What started as sibling influence turned into full careers. 

Chris began thinking about coaching in 2001, during his first-year teaching in MCPS. By 2003, he officially started coaching at Blake High school, later moving through Churchill, Quince Orchard, and eventually landing at Poolesville High School, where he is now a co-head wrestling coach. Even when he stepped away briefly to coach his son’s intramural team, wrestling kept pulling him back.

AJ started thinking about coaching during college. After teaching four years at Northwood High School, he arrived at Magruder High School in 2011 and has stayed there since. Along with being the head coach, AJ is also a science teacher and girls flag football coach, and he admits he prefers running his own program. 

Tim might have the longest coaching résumé of the three. He began coaching immediately after graduating in 2000, volunteering at Wheaton for four years before joining Chris at Blake. From there, he followed his brother to Churchill and Quince Orchard, later becoming head coach at Poolesville for nine years. Today, Tim works as a Special Education Para at Damascus High School and is the varsity wrestling coach at Oakdale High School.
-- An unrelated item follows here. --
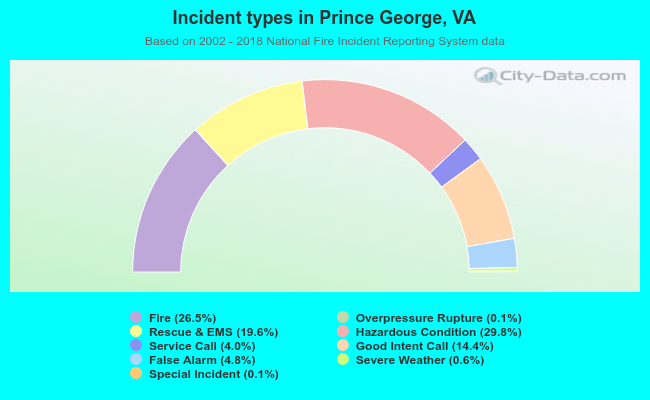 Incident types in Prince George, VA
This is his 26th year coaching- 13 of them as a head coach. 

At different points, the brothers have coached together. Chris and Tim spent about 10 years on the same staff. AJ and Tim coached together for one season at Magruder, which AJ described as “cool”.

 All three coaching together? That never happened. 
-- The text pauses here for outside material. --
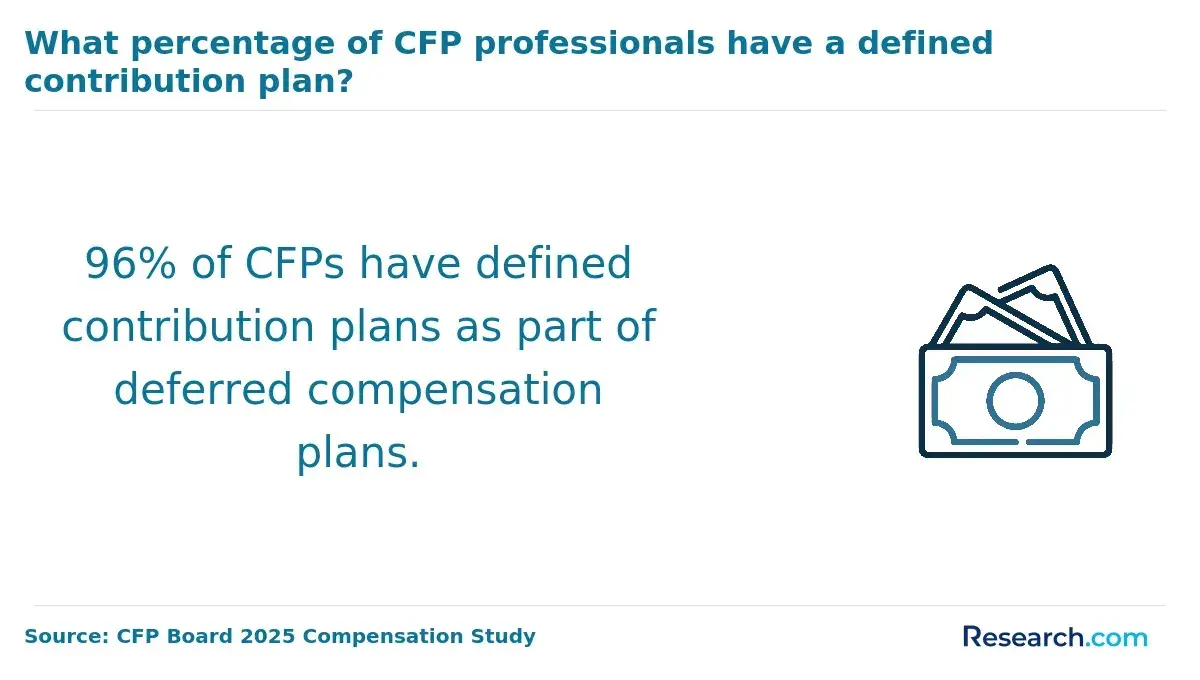 1760690467_997695__40__row-40__title-what-percentage-of-cfp-professionals-have-a-defined-contribution-plan.webp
Instead, the rivalry took over. 

Chris says he’s 9-1 against AJ’s teams. Tim claims he’s 14-1 versus AJ and 3-0 against Chris. AJ, notably, did not provide a counter-stat.

Chris summed it up best: Tim isn’t in MCPS anymore and AJ  “might not like it because he’s lost to both of us so much”  

Sibling energy, clearly, never fades. 

Behind the jokes and records is real respect. All three brothers stayed in the sport- not for trophies, but for the students. They became educators, mentors, and coaches who passed on lessons learned long ago at Wheaton High School. 

When two Tao-lead teams face off, it’s not just another match. Its years of history, family competition, and a rivalry that’s still very much alive. 

And yes-someone is definitely keeping score.